Histopathology was used to evaluate all resected tissues. Samples were fixed in 10% formalin, embedded in paraffin, sectioned, and evaluated by a board certified veterinary pathologist. Fluorescence microscopy was utilized to verify the accumulation of ICG within resected tissues in several samples. 5 μm-thick sections from tissue biopsies obtained during the surgery were mounted with a glycerin-based mounting media and frozen tumor sections were prepared as previously described [28]. The samples were examined using an Olympus® IX51 fluorescent microscope equipped with an indocyanine green specific filter set (Chroma® 49030). Fluorescence images were acquired using a PixeLink® NIR CCD camera (PL-B741EU). Each sample was then subsequently stained with hematoxylin and eosin and re-imaged using white light.
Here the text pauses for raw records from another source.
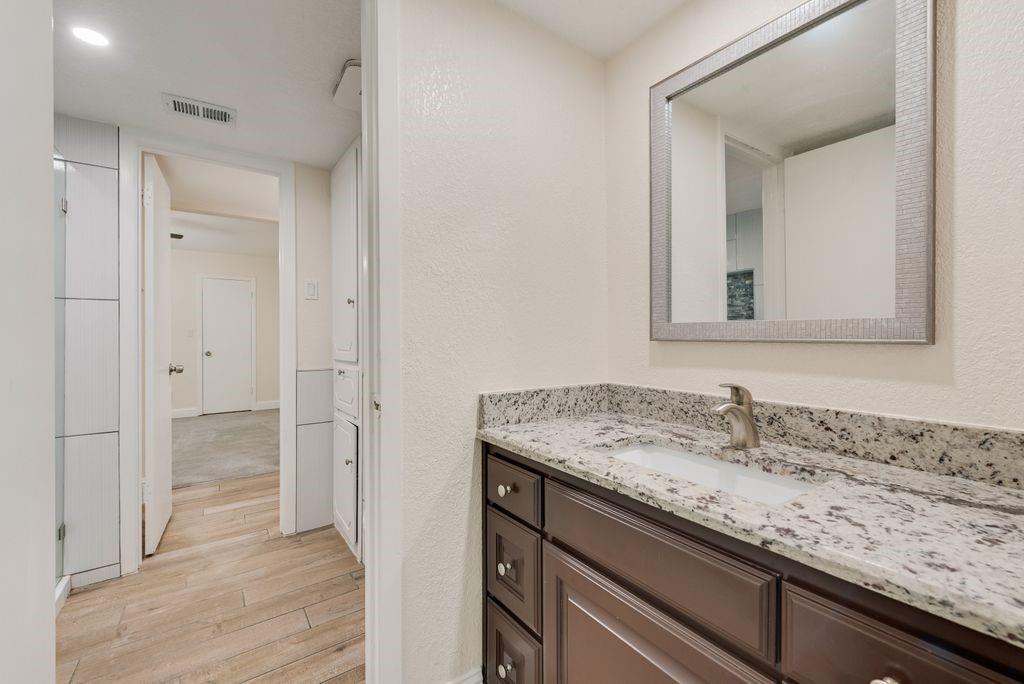 219 West Rochelle Road Irving, TX 75062 - Photo 24 of 29 Bathroom vanity featuring a speckled countertop, undermount sink, and dark wood cabinetry with brushed nickel hardware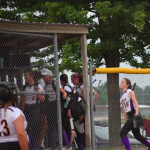 Softball team leaving dugout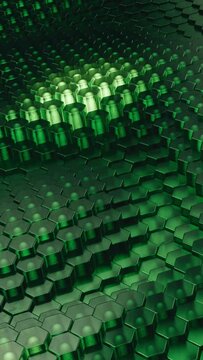 Looped 3d animation of hexagonal grid with wave-like moving up and down elements in it. Green hexagonal grid made from glass with emission light inside each elements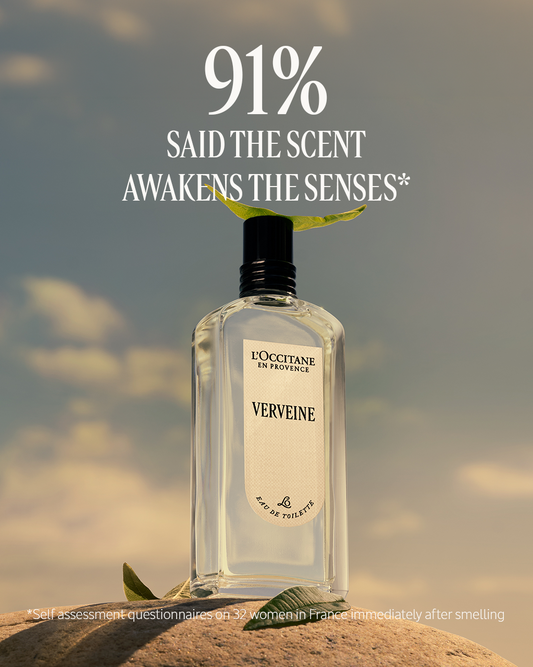 L'Occitane Verveine perfume bottle with a nature-themed background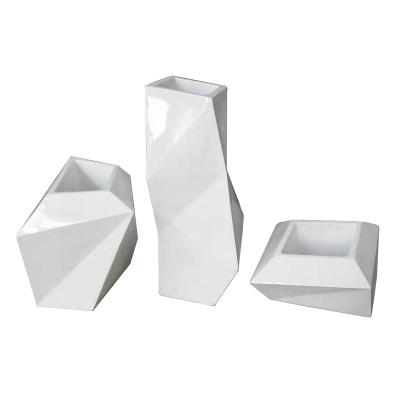 China Irregular Design Scandinavian Creative Custom Fiberglass Planters for sale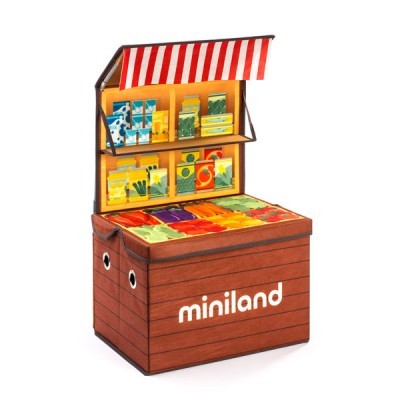 Brinquedo de banca de feira 'miniland' com frutas e legumes ilustrados coloridos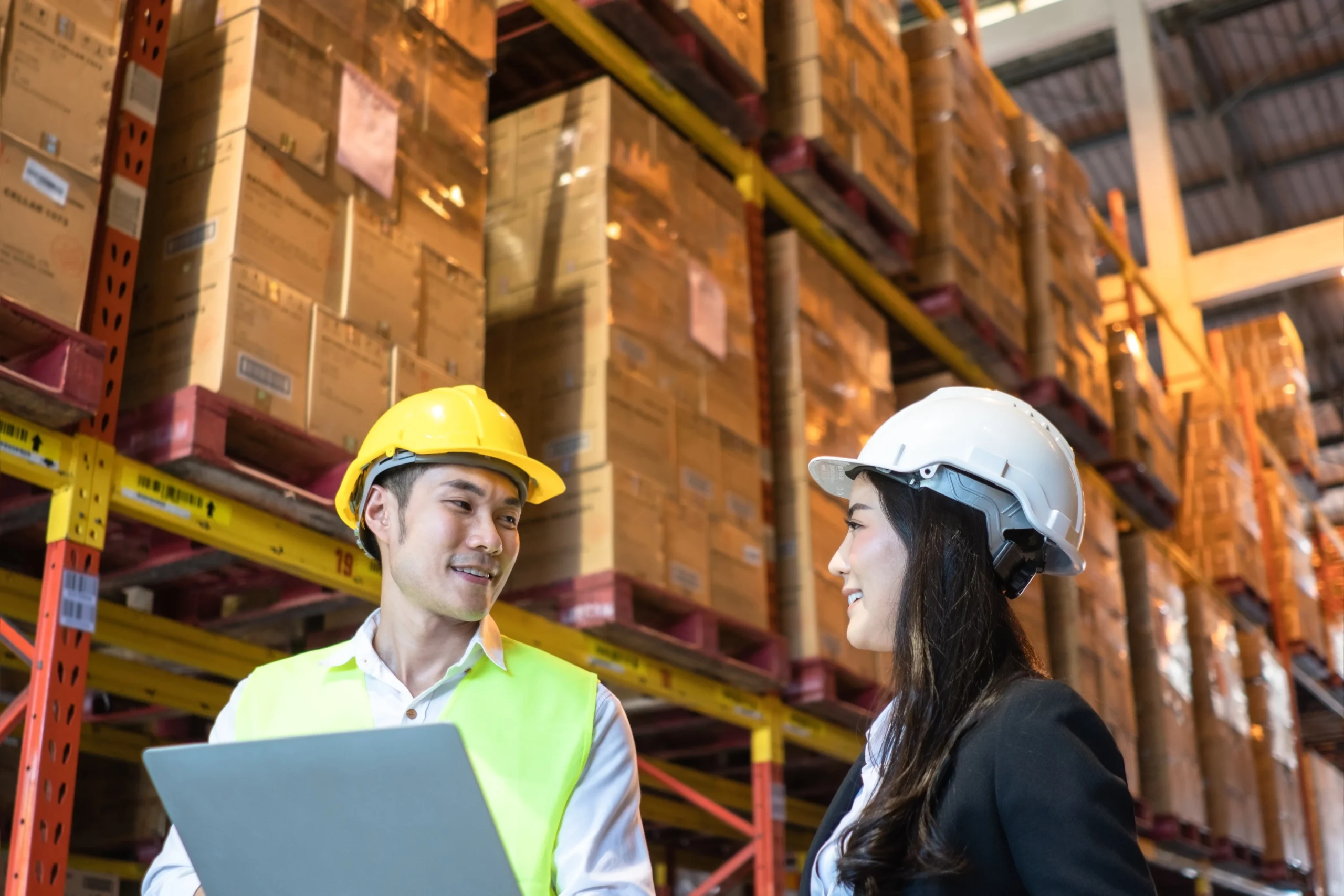 Asian male contractor discussing supply chain logistics with a female colleague in a warehouse surrounded by stacked goods.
Fluorescence images were processed using ImageJ® (http://rsb.info.nih.gov/ij/; public domain software developed by National Institutes of Health). Using this software, TBR was measured for each fluorescence microscopy image. Fluorescence was measured across the entirety of the tumor, whereas background was measured from the surrounding glass slide. The mean TBR of both the chemotherapy-treated and control were then compared.

Statistics

The sensitivity and specificity for margin detection were calculated for both the first and second investigators involved in the margin assessment study. We then compared the mean TBR (using both the NIR imaging device and spectrometer) between the animals who received chemotherapy and those who did not using a Student's t-test. Similarly, the size of the tumors was evaluated for significant difference between the two treatment groups also using a Student's t-test. Lastly, the sensitivity of NIR imaging for the detection of positive margins was compared between the mice that received chemotherapy and those who did not. Calculations were performed in Excel (Microsoft®) and SAS® software.